Yeah. Yeah. I’ll be, I would be faking it for sure. So, you know, I obviously worked for. Well, not obviously for those that don’t know, uh, I worked for maybe like makes you Mavenlink makes a solution that is tailored to managing people and resources around the space of, uh, project management. It’s not exactly a project sponsor, Mike, I’m just wondering.
No, no, we just happened to be talking about our experience and you touched on project management, so it’s your fault. And so, but like, because of that, I learned a lot about waterfall and then I learned a little bit about agile because people come to the booth and be like, oh yeah, you guys do agile. Like you have a Kanban board and all this other stuff.
And anyway, I, even with that, I still couldn’t describe to you what agile is perfectly like by any stretch. And I personally don’t think that marketing teams, I haven’t seen like teams execute agile project managers. At an agency or internally very well. Cause I think we have long-term projects and there are things that just need there, there are dependencies, no matter what.
And when you’re trying to break them down to small and you try to turn them into swim lanes that are at for agile, scrum kind of management, there’s a disconnect in back to your comment earlier, Michael, uh, in like, what is the point of this thing that we’re doing? And what else is it tied to? Right. So like, as you give me a task to go execute on some campaign or whatever, and I lose the bigger picture of that, this is for this persona or this audience, or this go to market strategy.
Like, I don’t think agile is a good practice for that. Uh, and so you have to like create the process in agile to adhere, to tying it all back. Right? You need all of the details in your story. That’s written. Like who’s the persona, all this other stuff. And it has to live on every single card that you take on in that project.
So it’s, it’s a painful thing, I think everywhere. And one of the sessions that I got to jump in on yesterday, and obviously at this recording, that’ll be many days or months or years ago, but Smartsheet AAJ, who’s been a guest. Uh, he now works for smart. Uh, as a marketing ops guy and, um, he, they, they ended up doing a session where it’s like, how does marketing ops at Smartsheet use Smartsheet?
And I w I was like in love champagne. Yeah. Yeah. I was like, oh my God, this is so cool. Uh, so. I’ll try to find a link to that and I’ll post it in the show notes for people to go watch, because I think to watch that, to join that, I, I really wanted to hear that. Yeah. I mean, at a bare minimum, even if you’re not using Smartsheet, right?
Like you can get ideas on how to think about managing your process and using a tool like theirs or others to, to do that. Um, I thought it was really, really cool. So yeah. I mean, my theory about why way, well, None of it’s a theory, but there are two, like two major things that I see it almost every place where this stuff starts to break down and it falls into two categories.
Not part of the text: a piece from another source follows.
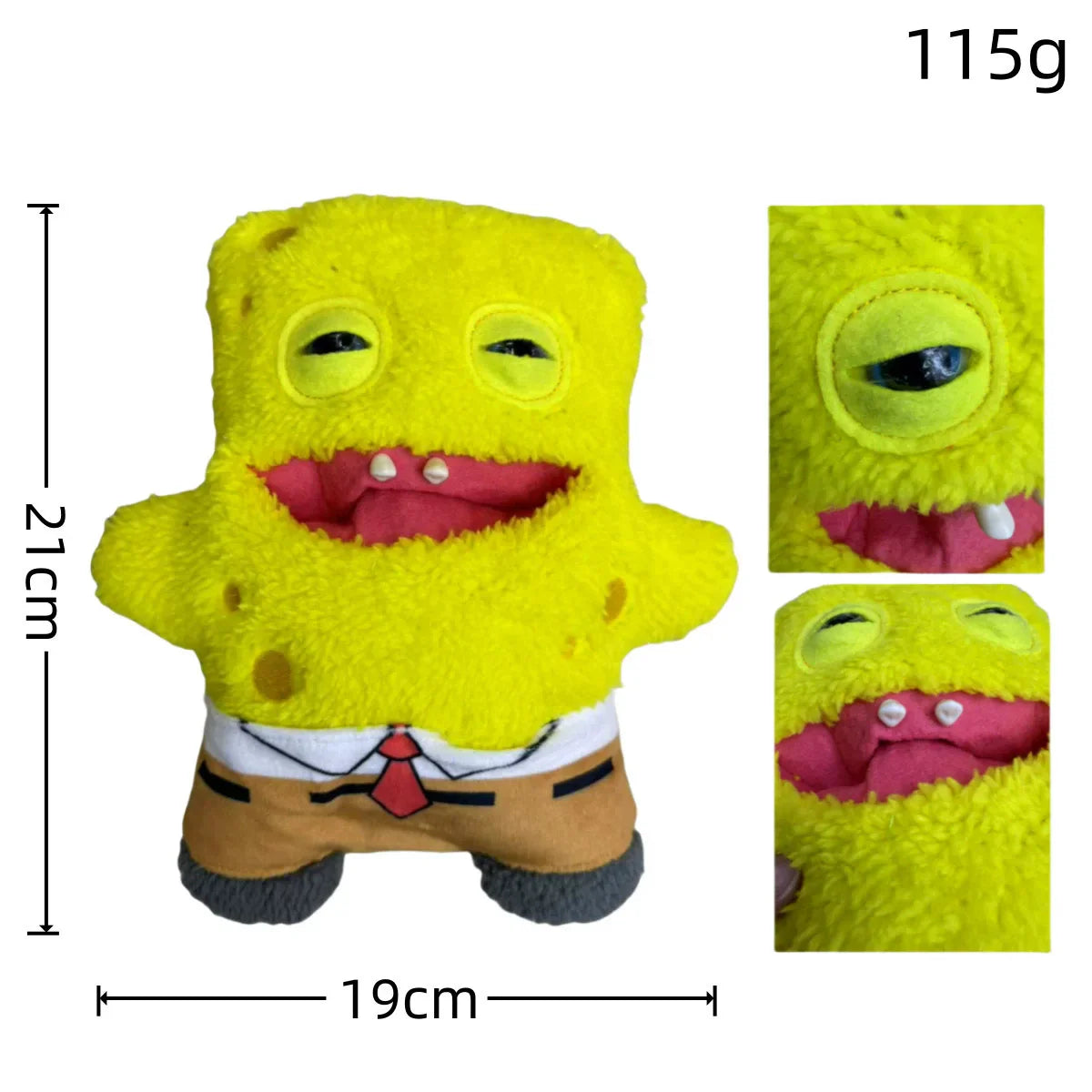 Ugly Spongebob Squarepants Patrick Star Keychain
So, so one is a call. It just sort of generally call it roles and responsibilities. You might call it racy, you might call it, you know, swim lanes. And what I have found is that, um, And it’s somewhat tied to the level of detail you break down the work. Right? Um, I think there’s a sweet spot of there’s some that’s too high level too, too, too, too detailed.
But what I found is that when you get people, like if you don’t have that clearly defined roles and responsibilities, particularly around approvals, um, then, uh, and you either get people who are moving out of their swim lane too much, or they’re not moving out, not recognize when they need to actually move out of their swim lane.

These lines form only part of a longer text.